大きいサイズのクルマを運転するのは少し緊張するといったことや、自分ではうまく運転できているつもりなのに、同乗者がクルマ酔いしてしまったなどの経験はありませんか。
そんな運転の悩みを解消すべく、今回はスバルドライビングアカデミー(以下SDA)指導のもと、実際にSDAで行なわれている講習の一部をスバルスターズの佐藤あかりさんと平澤果歩さんが体験しました。
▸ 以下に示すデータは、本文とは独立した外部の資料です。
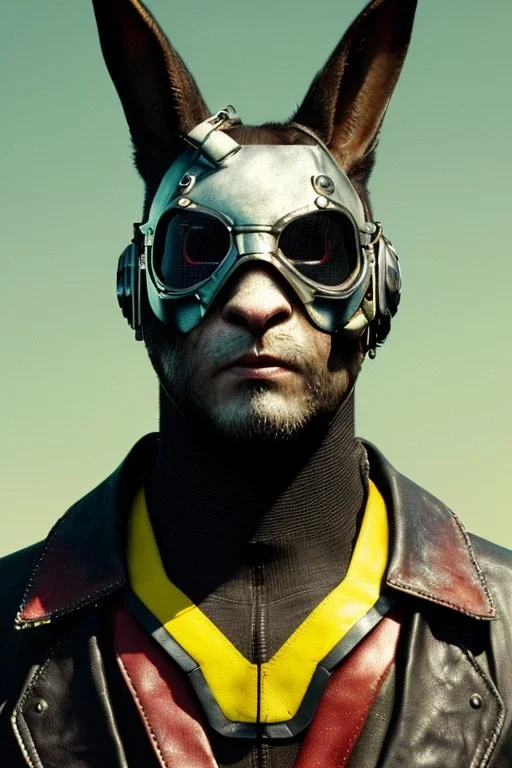 Medium Close Up Portrait, Front image. cyberpunk, rabbit mask, spanish man, white short hair. leather, titanium suit. Yellow, black, red, color. Mad max style. Color background, photo studio. Avatar image, highly detailed, concept art, smooth, unreal engine 5, god rays, ray tracing, RTX, lumen lighting, ultra detail, volumetric lighting, 3d, finely drawn, high definition, high resolution.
「基礎編」と「上手な運転編」の2つに分けて、普段の運転でも実践できる運転のコツを紹介します。
体験の様子は動画でもご覧いただけます!
本井雅人 スバル研究実験センター センター長
1991年に入社。アルシオーネSVX以降、ブレーキやトランスミッションなどの開発に従事。「スバルドライビングアカデミー」創設にも携わり、現在は運営を担当。
佐藤あかり
スバルスターズ*2年目。運転頻度は1年に数回程度で、主に家族や友人とお出かけの際に運転。
平澤果歩
スバルスターズ*1年目。運転頻度は半年に1回程度で、駐車が苦手。
目次
SUBARUには、クルマの評価を専門で担当するテストドライバーという職種は存在しません。クルマを運転して評価するのも、その評価結果から理論的思考を導き出して物理に落とし込んでいくエンジニアが担当します。その根底には、「ドライバーの評価能力以上のクルマはつくれない」という考えがあります。そのためには、エンジニア自身がクルマを運転して、評価できなければなりません。エンジニアの運転スキルと評価能力を高める人材育成の取り組みとして2015年9月に創設されたのが、スバルドライビングアカデミー(SDA)です。
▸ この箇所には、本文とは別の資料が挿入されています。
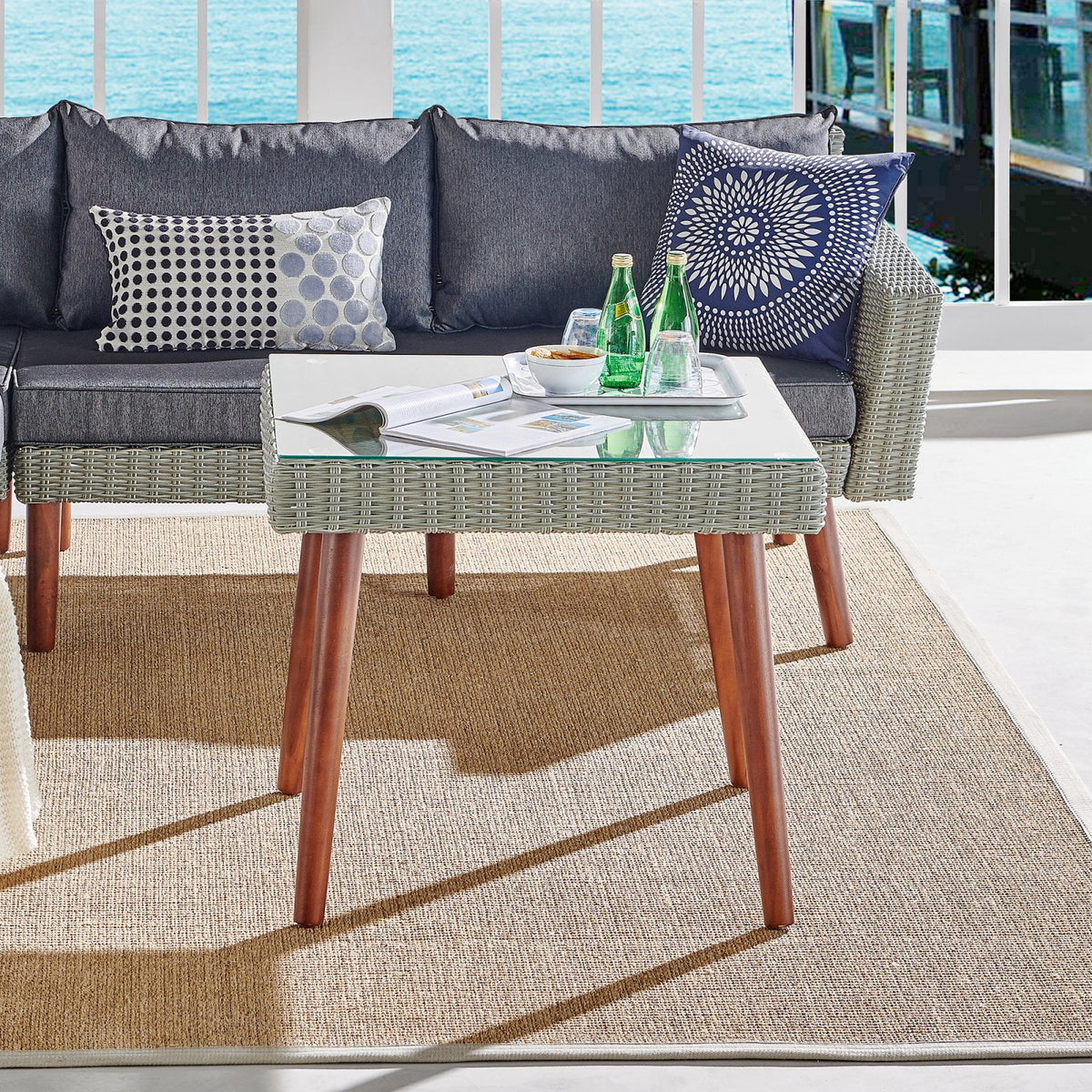 Gray Wicker Square Cocktail Table with Glass Top B5635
SDAでは、フィーリング、初級、中級、高速、特殊といった5段階のライセンスが設けられ、ライセンスに応じて走行速度や評価内容の領域が決められています。また、社内で行なっている一般的な運転体験教育の受講者とSDAのフィーリングライセンス取得者の事故率を比較すると、フィーリングライセンス取得者の事故率は約1/5に減少しました。基礎編、上手な運転編では、このフィーリングライセンスで行なっているカリキュラムの一部を教えていただきます。
新型レガシィ アウトバックの上質さや洗練されたデザインがお気に入りという佐藤あかりさんですが、運転するとなると「ボディサイズの大きさがちょっと不安」とのこと。そこで、まずはクルマに馴染んでいただくために、運転の基本となるドライビングポジションを身につけた上でアウトバックの車両感覚をつかんでもらいました。
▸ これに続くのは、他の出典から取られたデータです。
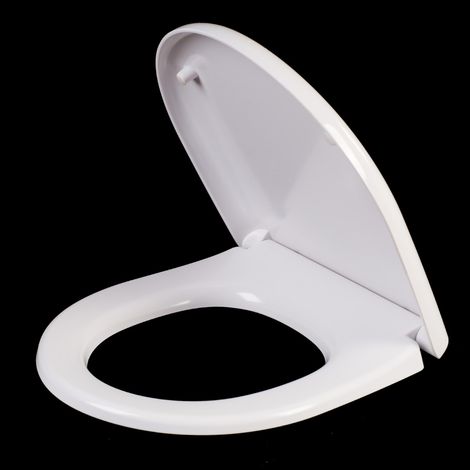 Asiento de inodoro Topico fabricado en duroplástico con bisagra de cierre suave, extraíble y antideslizante. (1/4)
「認知」→「判断」→「操作」を繰り返し行なうのがクルマの運転です。「認知」は視覚からの情報が大半を占めるため、視点がブレないこと=ハンドル操作をしても上半身が動かないことが大切です。ドライビングポジションを正しくとる大きな理由はそこにあります。また、正しいドライビングポジションをとっていれば、万が一の状況に遭遇したときでも的確なブレーキ操作やハンドル操作をすることができます。
ドライビングポジションの合わせ方
①シートと腰の間に隙間ができないように深く座る。
POINT
腰をシートバックと座面の角に落とし込むようなイメージで座ります。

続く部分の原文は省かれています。